The historic monument of the Krajinaputevi (Krajina Roads) building in Bihać is hereby designated as a National Monument of Bosnia and Herzegovina (hereinafter: the National Monument).

The National Monument is located on a site designated as cadastral plot no.5073 (new survey), corresponding to c.p. 1/487 and 1/488 (old survey), cadastral municipality Bihać, Federation of Bosnia and Herzegovina, Bosnia and Herzegovina.

The provisions relating to protection measures set forth by the Law on the Implementation of the Decisions of the Commission to Preserve National Monuments, established pursuant to Annex 8 of the General Framework Agreement for Peace in Bosnia and Herzegovina (Official Gazette of the Federation of BIH, no 2/02, 22/07, 6/04 and 51/07) shall apply to the National Monument.

 

II

 

The Government of the Federation of Bosnia and Herzegovina (hereinafter: the Government of the Federation) shall be responsible for providing the legal, scientific, technical, administrative and financial measures necessary for the protection, restoration, conservation and presentation of the National Monument.
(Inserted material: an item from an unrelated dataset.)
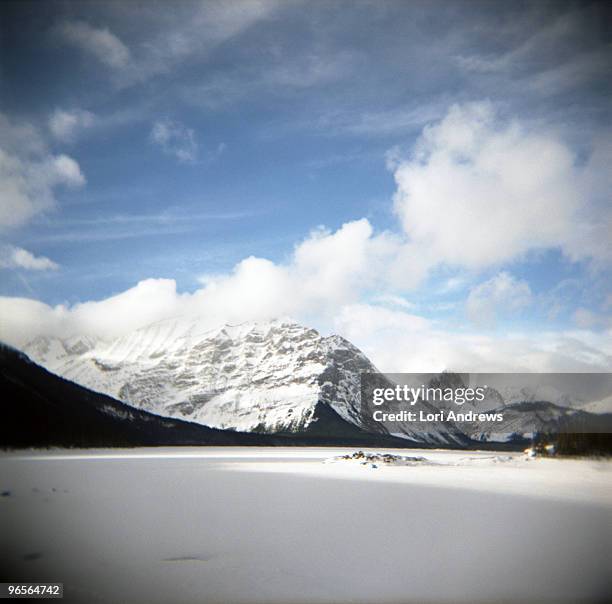 frozen kananaskis lake nestled in the mountains - lori andrews stock-fotos und bilder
The Commission to Preserve National Monuments (hereinafter: the Commission) shall determine the technical requirements and secure the funds for preparing and setting up signboards with basic details of the monument and the Decision to proclaim the property a National Monument.

 

III

 

To ensure the on-going protection of the National Monument, the following protection measures are hereby stipulated:

Protection Zone I consists of the site defined in Clause 1 para. 2 of this Decision. In this zone:

-       all works are prohibited other than conservation and restoration works, routine maintenance works, works designed to present the monument, routine maintenance works, and works designed to ensure the sustainable use of the property, with the approval of the Federal Ministry responsible for regional planning and under the expert supervision of the heritage protection authority of the Federation of Bosnia and Herzegovina.

 

IV

 

All executive and area development planning acts not in accordance with the provisions of this Decision are hereby revoked.

 

V

 

Everyone, and in particular the competent authorities of the Federation of Bosnia and Herzegovina, the Canton, and urban and municipal authorities, shall refrain from any action that might damage the National Monument or jeopardize the preservation thereof.

 

VI

 

The Government of the Federation, the Federal Ministry responsible for regional planning, the Federation heritage protection authority, and the Municipal Authorities in charge of urban planning and land registry affairs, shall be notified of this Decision in order to carry out the measures stipulated in Articles II to V of this Decision, and the Authorized Municipal Court shall be notified for the purposes of registration in the Land Register.

 

VII

 

The elucidation and accompanying documentation form an integral part of this Decision, which may be viewed by interested parties on the premises or by accessing the website of the Commission (http://www.aneks8komisija.com.ba)

 

VIII

 

Pursuant to Art. V para 4 Annex 8 of the General Framework Agreement for Peace in Bosnia and Herzegovina, decisions of the Commission are final.

 

IX

 

This Decision shall enter into force on the day following its publication in the Official Gazette of BiH.

 

This Decision has been adopted by the following members of the Commission: Zeynep Ahunbay, Martin Cherry, Amra Hadžimuhamedović, Dubravko Lovrenović, and Ljiljana Ševo.

 

No: 061-2-40/09-14

11 March 2009

Sarajevo

 

Chair of the Commission

Dubravko Lovrenović

 

E l u c i d a t i o n

 

I – INTRODUCTION

Pursuant to Article 2, paragraph 1 of the Law on the Implementation of the Decisions of the Commission to Preserve National Monuments, established pursuant to Annex 8 of the General Framework Agreement for Peace in Bosnia and Herzegovina, a “National Monument” is an item of public property proclaimed by the Commission to Preserve National Monuments to be a National Monument pursuant to Articles V and VI of Annex 8 of the General Framework Agreement for Peace in Bosnia and Herzegovina and property entered on the Provisional List of National Monuments of Bosnia and Herzegovina (Official Gazette of BiH no. 33/02) until the Commission reaches a final decision on its status, as to which there is no time limit and regardless of whether a petition for the property in question has been submitted or not.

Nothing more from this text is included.